Talk:Richard Nixon
I'm not a cheerleader for Nixon, but can someone explain the relevance of this quote: "His mother was a devout Quaker and a wonderful parent. But his father, Frank Nixon, was a slightly paranoid, bitter man, and Richard took more after his father." Could we have a reference for this statement? Since when are the words "Quaker" and "paranoid" antonyms?
I stand by my statement that Nixon's mother was a devout Quaker and wonderful parent; that Nixon's father was slightly paranoid and bitter, and that Nixon took more after his father.
True, "Quaker" and "paranoid" are not antonyms, but "devout Quakers" are very rarely paranoid, as the religion places a heavy emphasis on trust and love of all people, and paranoids are very rarely able to make that commitment.

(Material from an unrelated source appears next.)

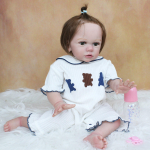 BZDOLL 60 CM 3D-v&auml;rviga nahk Pehme silikoonist Reborn Baby Doll T&uuml;drukule Nagu t&otilde;eline printsess V&auml;ikelapse m&auml;nguriietus Alive Bebe Real Touch 60cm 3D-paint Skin Doll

You asked for sources. "In Search of Nixon," a respected work by Bruce Mazlish, makes clear that Hannah Nixon was devout and that Richard felt close to her as a boy; that Frank was somewhat bitter and that Richard felt more distant from him.
Nixon's 1968 speech to the Republican Convention was also revealing.
He spoke of himself. "I see another child...he is helped on his journey through life. A father who had to go to work before he finished the sixth grade, sacrificed everything so that his sons could go to college. A gentle Quaker mother, with a passionate concern for peace."
Fathers who sacrifice EVERYTHING are often bitter, and it's revealing that he spoke of his father in terms of total sacrifice, his mother in terms of gentility and peace.
That Nixon took more after his father than mother is abundantly clear by his angry and paranoid behavior around the Watergate scandal that drove him from office.